> _THE TASK_: Give again, word for word, the lines below that run from the line with "The U-Booster was" through the line with "Hi, I'm Jason". Drop the pictures.

> _RECORDS_:

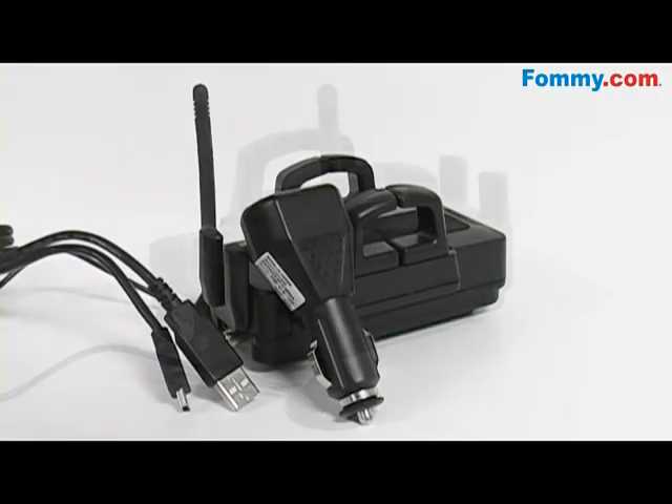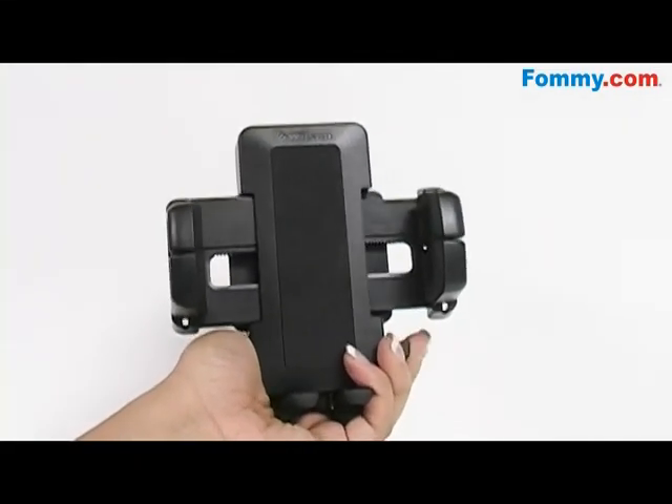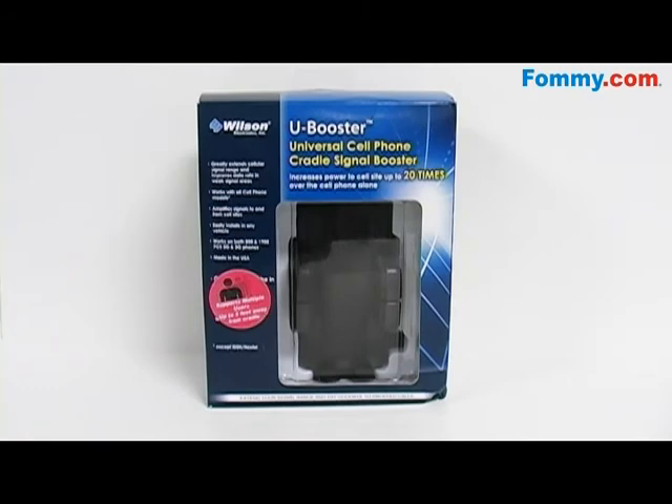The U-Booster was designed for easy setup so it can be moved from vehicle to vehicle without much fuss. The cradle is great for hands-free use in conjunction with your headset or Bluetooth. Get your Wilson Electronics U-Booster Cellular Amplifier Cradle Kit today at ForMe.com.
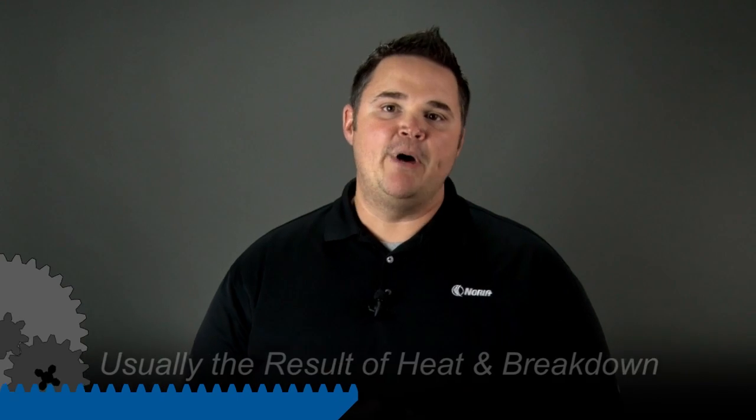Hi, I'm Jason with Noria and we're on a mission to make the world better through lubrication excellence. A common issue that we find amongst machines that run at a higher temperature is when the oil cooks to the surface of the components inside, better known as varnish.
--
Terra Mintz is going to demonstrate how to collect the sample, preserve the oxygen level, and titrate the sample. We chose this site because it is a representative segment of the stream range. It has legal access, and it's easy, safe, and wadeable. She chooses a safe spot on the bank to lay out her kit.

> _SOLUTION_:
The U-Booster was designed for easy setup so it can be moved from vehicle to vehicle without much fuss. The cradle is great for hands-free use in conjunction with your headset or Bluetooth. Get your Wilson Electronics U-Booster Cellular Amplifier Cradle Kit today at ForMe.com.
Hi, I'm Jason with Noria and we're on a mission to make the world better through lubrication excellence. A common issue that we find amongst machines that run at a higher temperature is when the oil cooks to the surface of the components inside, better known as varnish.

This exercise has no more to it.